Data extracts —
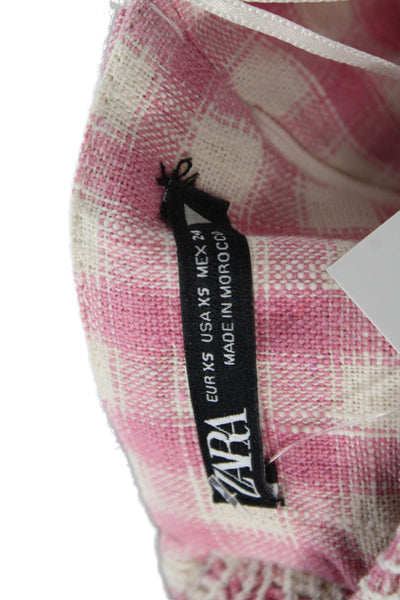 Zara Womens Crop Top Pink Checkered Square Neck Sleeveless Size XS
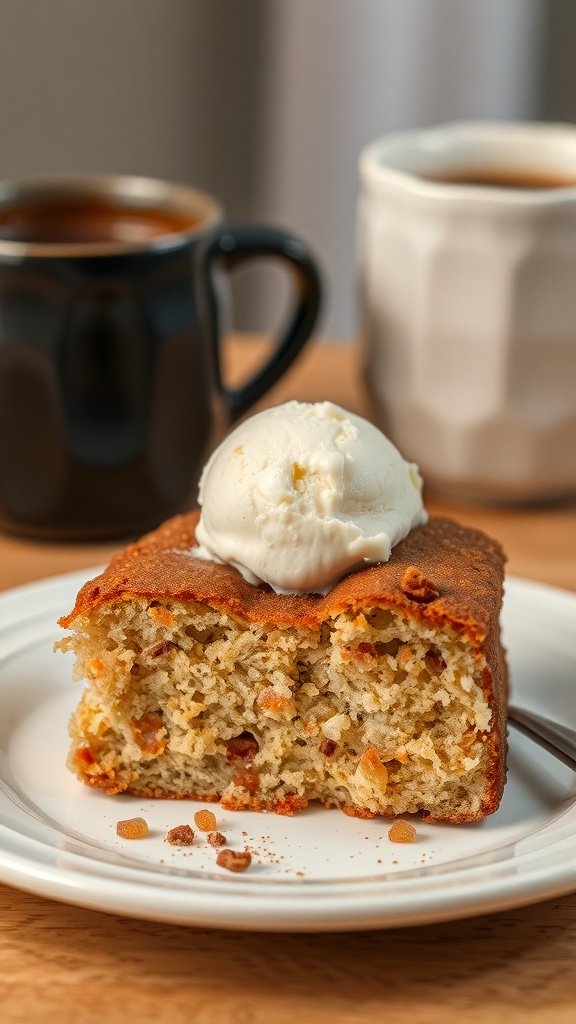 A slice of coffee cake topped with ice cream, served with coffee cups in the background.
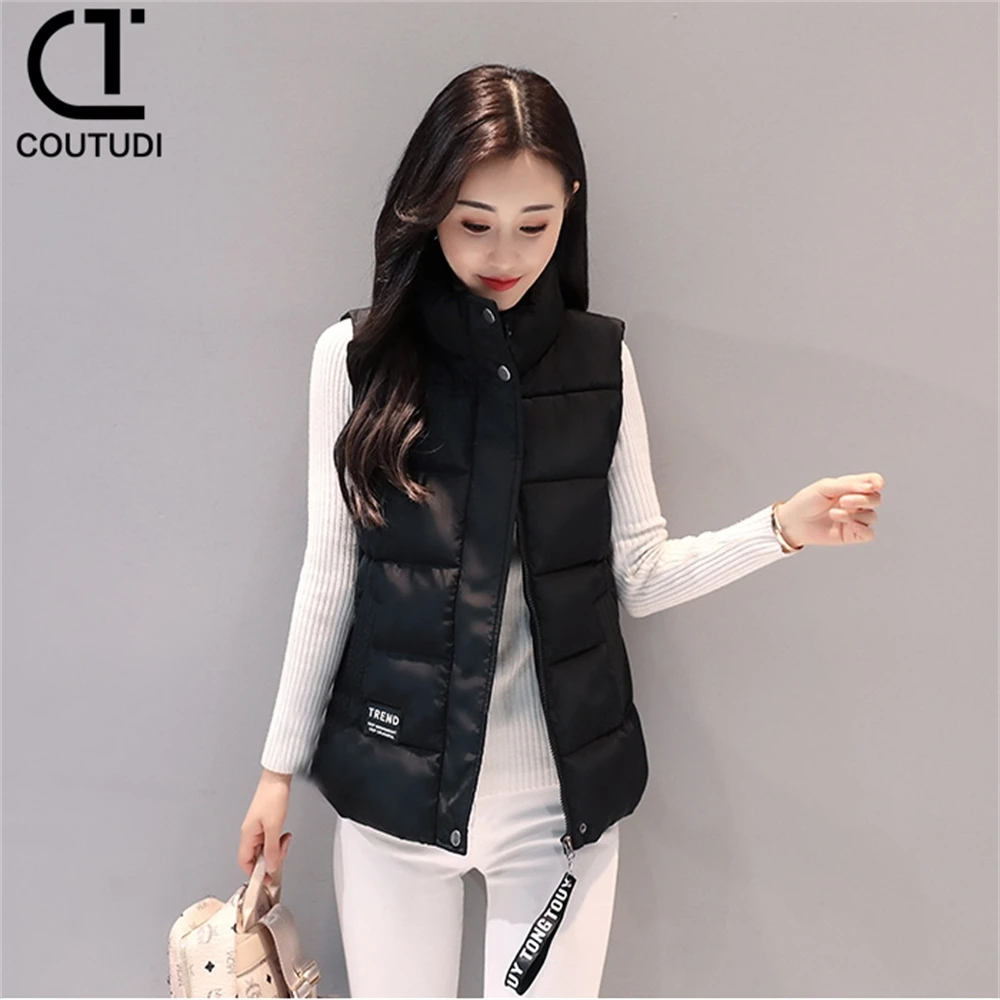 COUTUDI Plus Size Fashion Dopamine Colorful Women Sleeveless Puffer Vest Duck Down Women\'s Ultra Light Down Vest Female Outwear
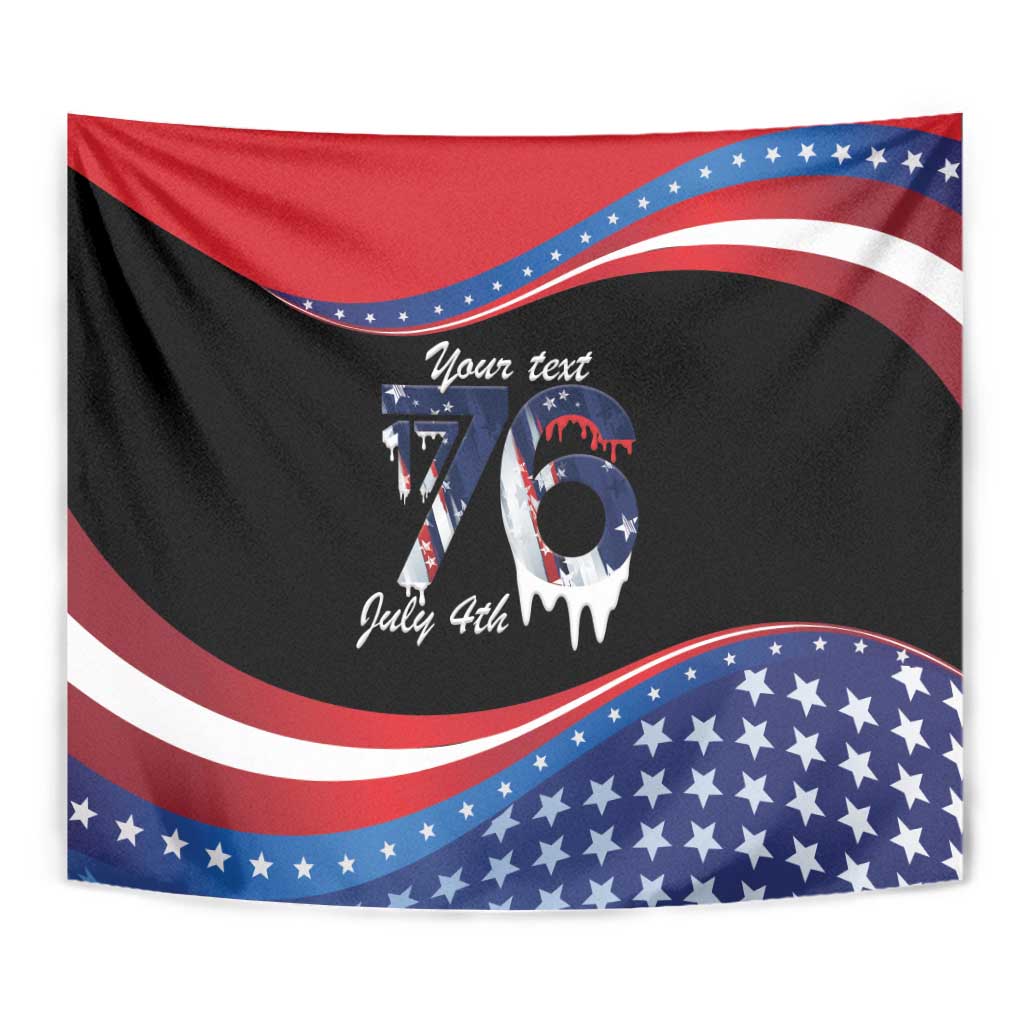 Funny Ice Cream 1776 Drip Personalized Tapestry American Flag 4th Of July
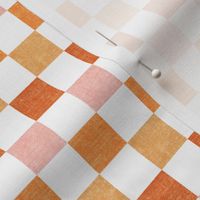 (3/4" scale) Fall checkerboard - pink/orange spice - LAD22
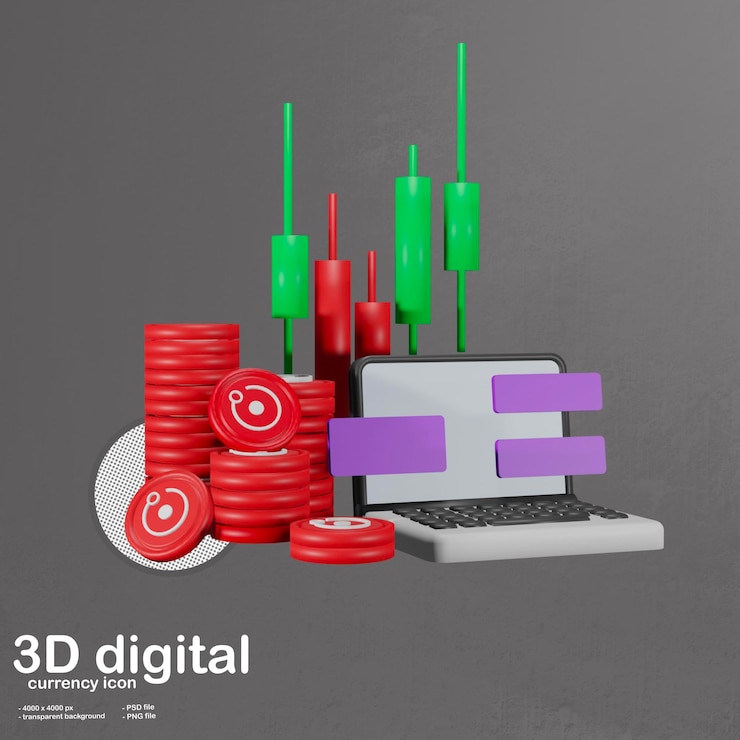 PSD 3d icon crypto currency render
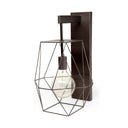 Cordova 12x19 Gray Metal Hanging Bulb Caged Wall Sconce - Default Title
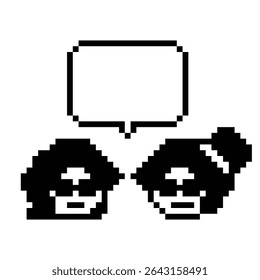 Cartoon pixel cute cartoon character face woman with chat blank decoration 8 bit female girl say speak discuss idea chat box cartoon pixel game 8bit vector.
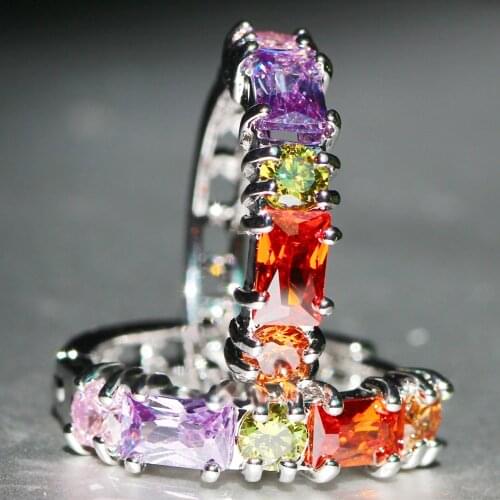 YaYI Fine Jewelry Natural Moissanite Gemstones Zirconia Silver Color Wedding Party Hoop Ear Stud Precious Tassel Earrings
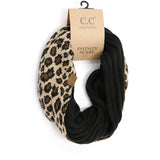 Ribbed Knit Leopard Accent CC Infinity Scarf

What you have to do —
Your task is to return the lines above, from the first one up to and including the line containing "Cordova 12x19 Gray", minus any pictures.

Response to this exercise —
 Zara Womens Crop Top Pink Checkered Square Neck Sleeveless Size XS
 A slice of coffee cake topped with ice cream, served with coffee cups in the background.
 COUTUDI Plus Size Fashion Dopamine Colorful Women Sleeveless Puffer Vest Duck Down Women\'s Ultra Light Down Vest Female Outwear
 Funny Ice Cream 1776 Drip Personalized Tapestry American Flag 4th Of July
 (3/4" scale) Fall checkerboard - pink/orange spice - LAD22
 PSD 3d icon crypto currency render
 Cordova 12x19 Gray Metal Hanging Bulb Caged Wall Sconce - Default Title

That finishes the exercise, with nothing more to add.